Professor Ken Birman, the N. Rama Rao Professor of Computer Science, Cornell University, “I actually thought it was a fantastic workshop, an unquestionable success, starting from the dinner the night before, through the workshop itself, to the post-event reception for the student Best Poster Awards.”
Dr. Carole-Jean Wu, Research Scientist, AI Infrastructure, Meta Research, and Professor of CSE, Arizona State University, “The IAP Cloud Computing workshop provides a great channel for valuable interactions between faculty/students and the industry participants. I truly enjoyed the venue learning about research problems and solutions that are of great interest to Meta, as well as the new enabling technologies from the industry representatives. The smaller venue and the poster session fostered an interactive environment for in-depth discussions on the proposed research and approaches and sparked new collaborative opportunities. Thank you for organizing this wonderful event! It was very well run.”
Nathan Pemberton, PhD student, UC Berkeley (currently Applied Scientist at AWS), "IAP workshops provide a valuable chance to explore emerging research topics with a focused group of participants, and without all the time/effort of a full-scale conference. Instead of rushing from talk to talk, you can slow down and dive deep into a few topics with experts in the field."

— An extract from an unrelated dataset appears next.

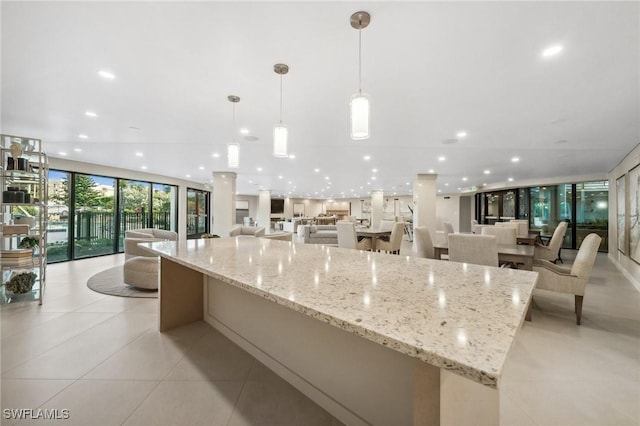 kitchen featuring recessed lighting, expansive windows, open floor plan, and a large island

Dr. Pankaj Mehra, VP Product Planning, Samsung (currently Professor at Ohio State University and Founder at Elephance Memory), "Terrifically organized Workshops that give all parties -- students, faculty, industry -- valuable insights to take back"
Professor Vishal Shrivastav, Purdue University, “Attending the IAP workshops as a PhD student at Cornell was a great experience and very rewarding. I really enjoyed the many amazing talks from both the industry and academia. My personal conversations with several industry leaders at the workshop will definitely guide some of my future research."
Professor Ana Klimovic, ETH Zurich, “I attended three IAP workshops as a PhD student at Stanford, and I am consistently impressed by the quality of the talks and the breadth of the topics covered. These workshops bring top-tier industry and academia together to discuss cutting-edge research challenges. It is a great opportunity to exchange ideas and get inspiration for new research opportunities."
Dr. Richard New, VP Research, Western Digital, “IAP workshops provide a great opportunity to meet with professors and students working at the cutting edge of their fields. It was a pleasure to attend the event – lots of very interesting presentations and posters.”